- Fédération Française des Éclaireuses (FFE), an all-girl neutral Girl Scouts federation, dissolved in 1964
- Country: France
- Founded: 1921
- Defunct: 1964
- Affiliation: Fédération du scoutisme français

= Fédération Française des Éclaireuses =

The Fédération Française des éclaireuses (FFE) is a Girl Guiding movement, created in 1921 and dissolved in 1964. FFE was a founding member of the Fédération du scoutisme français in 1940.

Whereas in France the various Scouting associations were created by religious denomination, the FFE was the only large-scale attempt to create an interdenominational movement. In 1921, it consisted of a neutral section, secular, and a unionist Protestant section. 1928, a Jewish section was integrated.

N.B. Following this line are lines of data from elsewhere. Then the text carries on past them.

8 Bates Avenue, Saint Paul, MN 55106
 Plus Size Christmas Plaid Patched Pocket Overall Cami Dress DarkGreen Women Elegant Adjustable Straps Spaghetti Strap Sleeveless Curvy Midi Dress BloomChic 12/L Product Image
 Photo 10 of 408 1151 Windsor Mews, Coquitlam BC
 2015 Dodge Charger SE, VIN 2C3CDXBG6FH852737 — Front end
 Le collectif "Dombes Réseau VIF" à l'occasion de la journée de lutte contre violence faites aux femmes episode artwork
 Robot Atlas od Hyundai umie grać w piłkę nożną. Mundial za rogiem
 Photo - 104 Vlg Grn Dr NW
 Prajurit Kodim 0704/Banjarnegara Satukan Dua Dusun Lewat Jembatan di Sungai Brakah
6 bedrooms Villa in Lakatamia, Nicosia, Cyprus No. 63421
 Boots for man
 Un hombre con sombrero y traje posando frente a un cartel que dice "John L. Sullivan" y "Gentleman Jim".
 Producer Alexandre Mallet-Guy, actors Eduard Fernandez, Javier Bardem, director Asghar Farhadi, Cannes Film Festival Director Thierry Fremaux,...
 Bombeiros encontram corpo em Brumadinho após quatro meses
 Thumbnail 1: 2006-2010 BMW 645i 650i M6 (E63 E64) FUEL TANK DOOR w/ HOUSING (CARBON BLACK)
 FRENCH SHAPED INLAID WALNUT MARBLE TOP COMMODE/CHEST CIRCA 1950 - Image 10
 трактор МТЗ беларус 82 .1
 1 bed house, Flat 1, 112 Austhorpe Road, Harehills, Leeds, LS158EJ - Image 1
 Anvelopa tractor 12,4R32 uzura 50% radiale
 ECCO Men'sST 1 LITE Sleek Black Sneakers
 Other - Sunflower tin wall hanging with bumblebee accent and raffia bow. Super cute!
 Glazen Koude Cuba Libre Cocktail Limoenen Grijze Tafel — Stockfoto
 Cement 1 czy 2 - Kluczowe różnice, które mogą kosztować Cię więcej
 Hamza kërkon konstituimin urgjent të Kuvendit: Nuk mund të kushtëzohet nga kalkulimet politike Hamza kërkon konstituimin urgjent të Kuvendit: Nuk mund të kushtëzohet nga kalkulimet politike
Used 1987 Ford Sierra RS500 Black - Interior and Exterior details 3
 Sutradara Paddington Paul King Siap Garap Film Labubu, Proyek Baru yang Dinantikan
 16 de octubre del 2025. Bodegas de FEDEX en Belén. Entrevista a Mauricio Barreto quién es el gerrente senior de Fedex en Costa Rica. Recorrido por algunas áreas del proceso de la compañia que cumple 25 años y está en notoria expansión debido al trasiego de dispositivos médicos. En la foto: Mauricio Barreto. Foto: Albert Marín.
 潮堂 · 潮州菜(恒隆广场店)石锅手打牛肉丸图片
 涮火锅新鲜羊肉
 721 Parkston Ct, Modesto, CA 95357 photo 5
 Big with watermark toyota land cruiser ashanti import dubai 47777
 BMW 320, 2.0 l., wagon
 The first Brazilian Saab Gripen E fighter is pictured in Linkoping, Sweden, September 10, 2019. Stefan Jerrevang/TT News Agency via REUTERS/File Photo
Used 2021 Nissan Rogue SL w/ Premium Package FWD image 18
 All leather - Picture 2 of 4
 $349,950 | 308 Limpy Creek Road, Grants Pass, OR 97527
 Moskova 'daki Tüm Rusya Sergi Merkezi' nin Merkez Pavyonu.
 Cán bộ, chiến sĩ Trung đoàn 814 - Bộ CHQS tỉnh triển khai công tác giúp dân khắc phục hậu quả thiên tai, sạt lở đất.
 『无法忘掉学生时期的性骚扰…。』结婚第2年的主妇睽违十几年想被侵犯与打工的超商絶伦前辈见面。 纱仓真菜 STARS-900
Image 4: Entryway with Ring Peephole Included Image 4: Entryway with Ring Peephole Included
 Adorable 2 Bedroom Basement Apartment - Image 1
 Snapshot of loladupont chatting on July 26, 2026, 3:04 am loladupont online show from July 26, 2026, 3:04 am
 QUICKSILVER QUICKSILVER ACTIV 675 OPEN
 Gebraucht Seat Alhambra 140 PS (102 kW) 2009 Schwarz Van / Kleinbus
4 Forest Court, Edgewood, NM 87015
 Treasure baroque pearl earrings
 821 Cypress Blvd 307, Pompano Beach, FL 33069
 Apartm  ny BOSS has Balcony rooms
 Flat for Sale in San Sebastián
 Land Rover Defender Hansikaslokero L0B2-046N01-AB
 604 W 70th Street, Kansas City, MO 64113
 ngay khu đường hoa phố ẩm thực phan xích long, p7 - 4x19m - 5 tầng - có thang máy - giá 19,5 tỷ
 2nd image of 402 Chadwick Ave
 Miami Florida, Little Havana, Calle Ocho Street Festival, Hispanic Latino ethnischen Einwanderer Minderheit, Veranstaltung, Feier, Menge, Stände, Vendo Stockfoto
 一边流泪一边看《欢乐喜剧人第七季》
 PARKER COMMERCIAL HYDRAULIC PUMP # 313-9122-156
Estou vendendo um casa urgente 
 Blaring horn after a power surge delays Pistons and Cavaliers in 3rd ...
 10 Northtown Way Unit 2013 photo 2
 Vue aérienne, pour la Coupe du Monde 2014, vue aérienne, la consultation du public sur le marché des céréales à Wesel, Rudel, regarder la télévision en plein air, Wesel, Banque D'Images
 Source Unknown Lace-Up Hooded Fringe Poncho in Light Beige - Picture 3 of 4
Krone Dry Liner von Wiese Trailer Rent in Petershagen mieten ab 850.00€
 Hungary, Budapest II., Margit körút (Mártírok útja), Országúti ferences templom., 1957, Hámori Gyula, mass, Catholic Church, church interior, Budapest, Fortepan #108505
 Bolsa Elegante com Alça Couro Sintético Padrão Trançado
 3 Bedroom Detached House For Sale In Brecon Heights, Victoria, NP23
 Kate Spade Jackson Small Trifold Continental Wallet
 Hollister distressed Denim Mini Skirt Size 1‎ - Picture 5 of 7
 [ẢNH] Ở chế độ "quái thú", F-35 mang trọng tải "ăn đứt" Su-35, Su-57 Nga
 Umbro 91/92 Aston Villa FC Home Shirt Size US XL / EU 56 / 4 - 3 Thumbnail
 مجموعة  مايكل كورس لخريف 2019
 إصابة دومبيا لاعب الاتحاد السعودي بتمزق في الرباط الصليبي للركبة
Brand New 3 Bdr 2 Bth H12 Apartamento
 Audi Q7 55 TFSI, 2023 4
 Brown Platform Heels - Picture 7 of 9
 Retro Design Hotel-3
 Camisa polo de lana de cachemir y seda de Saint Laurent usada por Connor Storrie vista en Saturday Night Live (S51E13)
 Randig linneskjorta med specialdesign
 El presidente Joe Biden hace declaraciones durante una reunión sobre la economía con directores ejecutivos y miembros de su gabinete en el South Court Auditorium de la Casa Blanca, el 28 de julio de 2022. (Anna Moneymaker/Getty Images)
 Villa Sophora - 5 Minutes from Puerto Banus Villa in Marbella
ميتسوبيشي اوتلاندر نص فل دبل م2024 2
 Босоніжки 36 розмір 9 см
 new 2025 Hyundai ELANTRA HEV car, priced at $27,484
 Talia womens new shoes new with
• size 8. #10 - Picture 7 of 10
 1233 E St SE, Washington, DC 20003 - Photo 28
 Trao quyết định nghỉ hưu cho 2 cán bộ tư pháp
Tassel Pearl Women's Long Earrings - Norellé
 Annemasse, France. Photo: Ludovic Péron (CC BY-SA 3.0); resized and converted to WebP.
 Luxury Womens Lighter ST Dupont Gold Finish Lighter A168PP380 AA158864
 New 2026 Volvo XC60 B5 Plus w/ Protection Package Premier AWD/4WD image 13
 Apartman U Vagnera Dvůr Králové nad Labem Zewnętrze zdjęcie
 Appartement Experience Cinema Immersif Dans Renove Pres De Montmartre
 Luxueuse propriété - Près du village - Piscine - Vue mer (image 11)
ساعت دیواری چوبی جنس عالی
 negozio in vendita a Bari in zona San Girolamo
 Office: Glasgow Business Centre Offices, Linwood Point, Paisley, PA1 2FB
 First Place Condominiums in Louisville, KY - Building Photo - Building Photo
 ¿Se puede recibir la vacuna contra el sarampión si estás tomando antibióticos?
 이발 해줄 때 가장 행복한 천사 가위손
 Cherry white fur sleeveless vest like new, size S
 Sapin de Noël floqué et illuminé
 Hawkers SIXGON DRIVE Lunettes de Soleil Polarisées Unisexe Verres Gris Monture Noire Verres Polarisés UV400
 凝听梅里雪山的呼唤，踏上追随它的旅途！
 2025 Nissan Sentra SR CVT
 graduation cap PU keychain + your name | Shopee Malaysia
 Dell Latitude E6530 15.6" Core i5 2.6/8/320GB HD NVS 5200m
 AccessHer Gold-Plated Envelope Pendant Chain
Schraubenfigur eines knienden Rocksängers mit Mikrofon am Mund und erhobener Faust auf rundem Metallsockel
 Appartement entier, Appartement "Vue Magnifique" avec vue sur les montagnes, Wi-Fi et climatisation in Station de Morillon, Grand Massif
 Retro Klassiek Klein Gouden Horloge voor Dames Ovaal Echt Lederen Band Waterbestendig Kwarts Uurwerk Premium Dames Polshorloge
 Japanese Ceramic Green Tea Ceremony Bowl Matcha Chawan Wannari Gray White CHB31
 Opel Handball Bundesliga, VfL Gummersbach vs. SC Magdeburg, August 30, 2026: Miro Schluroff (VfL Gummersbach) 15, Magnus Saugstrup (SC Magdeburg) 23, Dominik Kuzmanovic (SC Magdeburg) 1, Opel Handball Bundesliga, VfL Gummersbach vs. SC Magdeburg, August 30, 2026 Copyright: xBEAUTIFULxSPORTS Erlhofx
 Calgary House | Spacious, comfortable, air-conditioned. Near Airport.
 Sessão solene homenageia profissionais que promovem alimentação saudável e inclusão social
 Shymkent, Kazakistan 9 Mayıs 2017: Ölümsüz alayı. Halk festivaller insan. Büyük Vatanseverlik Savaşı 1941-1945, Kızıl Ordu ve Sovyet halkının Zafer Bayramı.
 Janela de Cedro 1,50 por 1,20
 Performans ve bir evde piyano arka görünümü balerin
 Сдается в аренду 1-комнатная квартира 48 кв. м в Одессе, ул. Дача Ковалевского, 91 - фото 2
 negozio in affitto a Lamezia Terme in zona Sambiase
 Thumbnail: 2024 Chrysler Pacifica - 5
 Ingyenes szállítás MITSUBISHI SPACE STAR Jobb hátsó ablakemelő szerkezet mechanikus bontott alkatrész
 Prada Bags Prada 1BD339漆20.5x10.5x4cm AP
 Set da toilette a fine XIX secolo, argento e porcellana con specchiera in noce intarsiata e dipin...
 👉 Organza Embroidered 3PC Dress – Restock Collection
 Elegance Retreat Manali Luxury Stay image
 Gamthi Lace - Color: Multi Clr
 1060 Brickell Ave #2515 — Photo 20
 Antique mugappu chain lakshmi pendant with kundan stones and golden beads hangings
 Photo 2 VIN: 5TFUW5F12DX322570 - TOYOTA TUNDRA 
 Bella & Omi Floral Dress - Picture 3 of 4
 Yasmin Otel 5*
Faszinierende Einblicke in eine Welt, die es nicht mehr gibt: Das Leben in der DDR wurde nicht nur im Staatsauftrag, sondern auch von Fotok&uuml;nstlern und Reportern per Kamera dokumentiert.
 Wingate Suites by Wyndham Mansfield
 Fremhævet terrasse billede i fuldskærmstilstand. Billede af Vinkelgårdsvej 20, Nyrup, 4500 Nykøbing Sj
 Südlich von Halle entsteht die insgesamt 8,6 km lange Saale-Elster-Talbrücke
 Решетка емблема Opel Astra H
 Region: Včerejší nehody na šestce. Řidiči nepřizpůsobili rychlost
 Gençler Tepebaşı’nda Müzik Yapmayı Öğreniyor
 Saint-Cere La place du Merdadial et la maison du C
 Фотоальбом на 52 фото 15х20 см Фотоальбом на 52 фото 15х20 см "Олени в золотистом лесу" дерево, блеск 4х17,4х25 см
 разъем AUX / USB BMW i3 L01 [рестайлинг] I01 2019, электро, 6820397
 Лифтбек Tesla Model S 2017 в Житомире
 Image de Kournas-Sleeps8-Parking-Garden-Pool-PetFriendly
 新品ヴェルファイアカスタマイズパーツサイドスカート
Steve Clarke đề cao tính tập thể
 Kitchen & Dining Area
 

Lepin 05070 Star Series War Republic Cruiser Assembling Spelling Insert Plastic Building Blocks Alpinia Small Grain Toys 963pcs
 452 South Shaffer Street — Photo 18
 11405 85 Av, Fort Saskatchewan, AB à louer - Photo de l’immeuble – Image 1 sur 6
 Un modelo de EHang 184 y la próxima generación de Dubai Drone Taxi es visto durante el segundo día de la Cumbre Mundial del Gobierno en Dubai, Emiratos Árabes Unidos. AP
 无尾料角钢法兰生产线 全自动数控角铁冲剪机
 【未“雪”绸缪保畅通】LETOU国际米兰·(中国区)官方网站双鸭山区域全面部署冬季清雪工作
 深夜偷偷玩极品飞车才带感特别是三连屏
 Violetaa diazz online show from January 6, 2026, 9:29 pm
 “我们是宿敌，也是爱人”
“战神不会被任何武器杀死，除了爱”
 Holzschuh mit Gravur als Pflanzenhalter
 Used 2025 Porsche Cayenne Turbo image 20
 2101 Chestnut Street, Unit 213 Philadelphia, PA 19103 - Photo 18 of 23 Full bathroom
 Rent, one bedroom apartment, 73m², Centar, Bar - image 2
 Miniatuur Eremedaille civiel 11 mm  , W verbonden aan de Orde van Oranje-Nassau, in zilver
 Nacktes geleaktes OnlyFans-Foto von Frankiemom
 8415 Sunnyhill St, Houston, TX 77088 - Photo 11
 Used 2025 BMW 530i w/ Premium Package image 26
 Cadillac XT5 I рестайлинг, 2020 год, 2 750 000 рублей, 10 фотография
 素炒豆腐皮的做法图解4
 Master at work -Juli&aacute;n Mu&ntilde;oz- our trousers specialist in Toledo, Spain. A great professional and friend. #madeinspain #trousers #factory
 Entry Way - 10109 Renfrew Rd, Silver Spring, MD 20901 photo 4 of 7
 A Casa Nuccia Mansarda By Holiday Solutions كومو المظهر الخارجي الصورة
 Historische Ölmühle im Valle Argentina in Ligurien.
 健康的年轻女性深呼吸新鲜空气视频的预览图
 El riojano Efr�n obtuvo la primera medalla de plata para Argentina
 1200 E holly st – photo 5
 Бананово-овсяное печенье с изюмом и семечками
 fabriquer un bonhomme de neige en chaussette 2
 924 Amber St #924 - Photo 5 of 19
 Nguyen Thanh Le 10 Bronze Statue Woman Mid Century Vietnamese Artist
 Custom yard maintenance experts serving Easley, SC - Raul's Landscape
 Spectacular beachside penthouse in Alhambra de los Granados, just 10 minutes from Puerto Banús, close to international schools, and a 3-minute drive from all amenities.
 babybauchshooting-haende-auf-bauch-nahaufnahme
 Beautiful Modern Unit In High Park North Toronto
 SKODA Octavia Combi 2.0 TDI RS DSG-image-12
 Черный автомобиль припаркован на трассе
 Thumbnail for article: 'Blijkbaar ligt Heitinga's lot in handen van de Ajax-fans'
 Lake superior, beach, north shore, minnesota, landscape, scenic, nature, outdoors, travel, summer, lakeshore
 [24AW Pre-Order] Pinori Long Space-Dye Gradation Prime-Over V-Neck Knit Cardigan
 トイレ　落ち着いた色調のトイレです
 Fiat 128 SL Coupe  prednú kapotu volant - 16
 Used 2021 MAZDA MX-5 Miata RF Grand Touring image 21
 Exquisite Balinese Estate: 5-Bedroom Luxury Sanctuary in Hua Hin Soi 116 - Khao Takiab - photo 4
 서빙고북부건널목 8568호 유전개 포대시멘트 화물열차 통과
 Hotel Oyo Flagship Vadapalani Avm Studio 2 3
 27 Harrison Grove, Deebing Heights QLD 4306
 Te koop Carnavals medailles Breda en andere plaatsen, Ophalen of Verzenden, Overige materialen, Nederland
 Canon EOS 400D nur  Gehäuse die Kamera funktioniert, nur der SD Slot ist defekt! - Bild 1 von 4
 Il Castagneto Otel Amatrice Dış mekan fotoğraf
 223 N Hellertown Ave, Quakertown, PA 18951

From 1938, it also had a free Catholic section and an unofficial Muslim section in French Algeria.

When the federation self-dissolved in 1964, its different sections joined their male counterparts: the neutral section merged with the Éclaireurs français and Éclaireurs de France to form the Éclaireuses et éclaireurs de France in 1964; the Jewish section merged with the Eclaireurs israélites de France to form the Eclaireuses et Eclaireurs israélites de France in 1969; the unionist Protestant section merged with the Éclaireurs unionistes de France to form the Éclaireuses et Éclaireurs unionistes de France in 1970.